Northern Cheyenne Exodus
Following the Battle of the Little Bighorn, attempts by the U.S. Army to capture the Cheyenne intensified. A group of 972 Cheyenne was escorted to Indian Territory in Oklahoma in 1877. The government intended to re-unite the Northern and Southern Cheyenne into one nation. There the conditions were dire; the Northern Cheyenne were not used to the climate and soon many became ill with malaria. In addition, the food rations were insufficient and of poor quality. In 1878, the two principal Chiefs, Little Wolf and Morning Star (Dull Knife) pressed for the release of the Cheyenne so they could travel back north. However, they were denied permission, so that same year the two men led a group of 353 Northern Cheyenne who left Indian Territory to travel back north. The Army and other civilian volunteers were in hot pursuit of the Cheyenne as they traveled north. It is estimated that a total of 13,000 Army soldiers and volunteers were sent to pursue the Cheyenne over the whole course of their journey north.
After crossing into Nebraska, the group split into two. One group was led by Little Wolf, and the other by Dull Knife. Little Wolf and his band made it back to Montana. Dull Knife and his band were captured and escorted to Fort Robinson, Nebraska and sequestered. They were ordered to return to Oklahoma but they refused. Conditions at the fort grew tense through the end of 1878 and soon the Cheyenne were confined to barracks with no food, water, or heat. In January 1879, Dull Knife and his group broke out of Ft.

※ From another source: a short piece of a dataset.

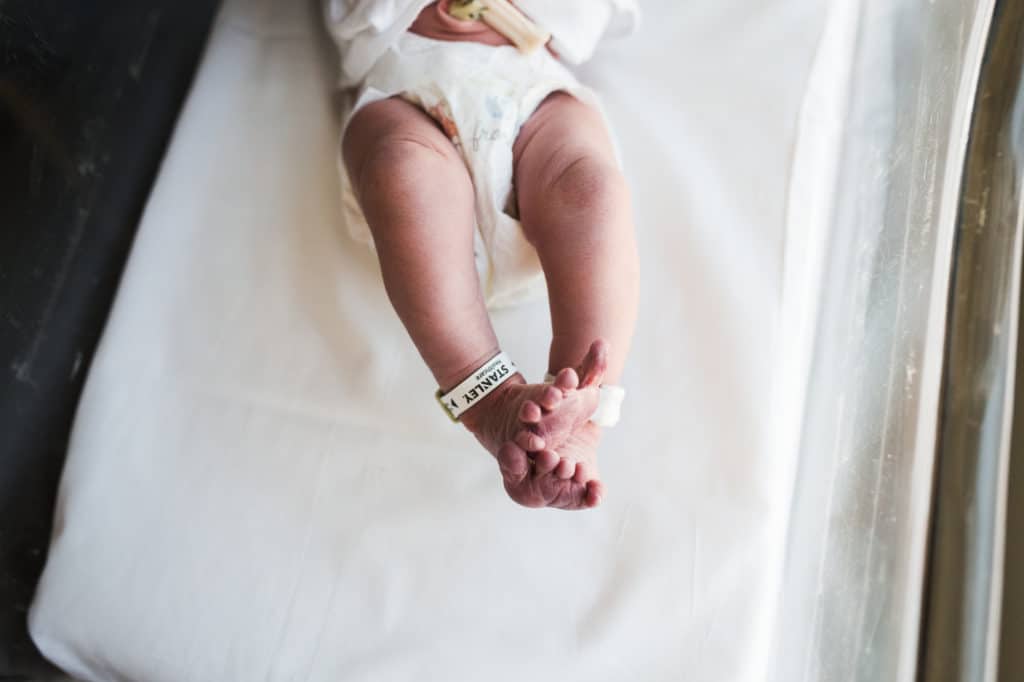 Newborn in Hospital Bassinet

Robinson. Much of the group was gunned down as they ran away from the fort, and others were discovered near the fort during the following days and ordered to surrender but most of the escapees chose to fight because they would rather be killed than taken back into custody. It is estimated that only 50 survived the breakout, including Dull Knife. Several of the escapees later had to stand trial for the murders that had been committed in Kansas. The remains of those killed were repatriated in 1994.
Ultimately, the military gave up attempting to relocate the Northern Cheyenne in Oklahoma. The persistence of the Northern Cheyenne resulted in the creation of the Northern Cheyenne reservation in Montana.